Last update: Dec 11, 2025

For investors aiming to create a portfolio centered on producing passive income, a disciplined screening process is necessary. A typical approach includes looking past only a high present yield to identify companies with maintainable payouts. This frequently means selecting for stocks that have not just a good dividend profile but also show sound basic business condition and earnings power. A stock that meets this kind of multi-layered screen indicates its dividend is supported by a durable business, possibly providing a steadier income flow over many years. One company that recently appeared from this type of method is Robert Half Inc (NYSE:RHI), a worldwide supplier of talent solutions and business consulting.
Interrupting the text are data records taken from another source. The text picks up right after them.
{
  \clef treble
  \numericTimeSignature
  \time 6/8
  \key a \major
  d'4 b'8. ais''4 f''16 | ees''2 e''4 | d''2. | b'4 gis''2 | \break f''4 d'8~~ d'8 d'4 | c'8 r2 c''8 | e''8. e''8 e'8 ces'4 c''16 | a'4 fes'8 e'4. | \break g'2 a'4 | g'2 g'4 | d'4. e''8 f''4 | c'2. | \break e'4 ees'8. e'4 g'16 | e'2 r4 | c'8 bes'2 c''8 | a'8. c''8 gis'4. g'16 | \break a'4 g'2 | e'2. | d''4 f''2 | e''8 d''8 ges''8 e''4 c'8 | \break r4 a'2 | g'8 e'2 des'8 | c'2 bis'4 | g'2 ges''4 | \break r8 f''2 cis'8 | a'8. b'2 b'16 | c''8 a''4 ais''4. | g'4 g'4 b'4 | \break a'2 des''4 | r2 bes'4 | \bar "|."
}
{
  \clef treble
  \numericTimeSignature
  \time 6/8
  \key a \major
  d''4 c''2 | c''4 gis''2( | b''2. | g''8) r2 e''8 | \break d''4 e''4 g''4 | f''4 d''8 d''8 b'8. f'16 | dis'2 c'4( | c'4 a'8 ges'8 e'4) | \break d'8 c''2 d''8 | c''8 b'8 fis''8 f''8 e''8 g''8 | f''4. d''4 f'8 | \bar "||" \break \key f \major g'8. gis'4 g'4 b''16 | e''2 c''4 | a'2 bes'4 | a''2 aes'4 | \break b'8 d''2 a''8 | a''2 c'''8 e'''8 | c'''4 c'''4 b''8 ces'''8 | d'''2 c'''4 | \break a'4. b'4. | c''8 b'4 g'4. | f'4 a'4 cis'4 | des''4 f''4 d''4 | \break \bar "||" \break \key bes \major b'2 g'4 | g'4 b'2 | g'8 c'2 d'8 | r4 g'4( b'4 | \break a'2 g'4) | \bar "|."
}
Robert Half Inc. office building

A Notable Dividend Profile

The main attraction of RHI for income-oriented investors is its strong dividend traits, which are reflected in its high ChartMill Dividend Rating of 8 out of 10. An examination of the fundamental analysis report shows the principal positives:

  • Appealing Yield: The stock now provides a yearly dividend yield of 8.80%, which is much greater than both the S&P 500 average (about 2.31%) and the professional services industry average (4.12%). It is in the highest group of its sector for yield.
  • Steady and Increasing Payout: The company has built a reliable history, having paid and raised its dividend for at least 10 straight years. Also, the dividend has risen at a notable yearly rate of 11.32% over the last five years, showing a dedication to giving more capital back to shareholders as time passes.
  • Future Sustainability Question: A key point for investors is the present payout ratio, which is at 150.26% of net income. This is a warning sign, showing the company is distributing more in dividends than it made in the last twelve months. Still, the analysis adds that earnings are expected to rise quicker than the dividend in the next few years, which might return this ratio to a more maintainable point if those predictions happen.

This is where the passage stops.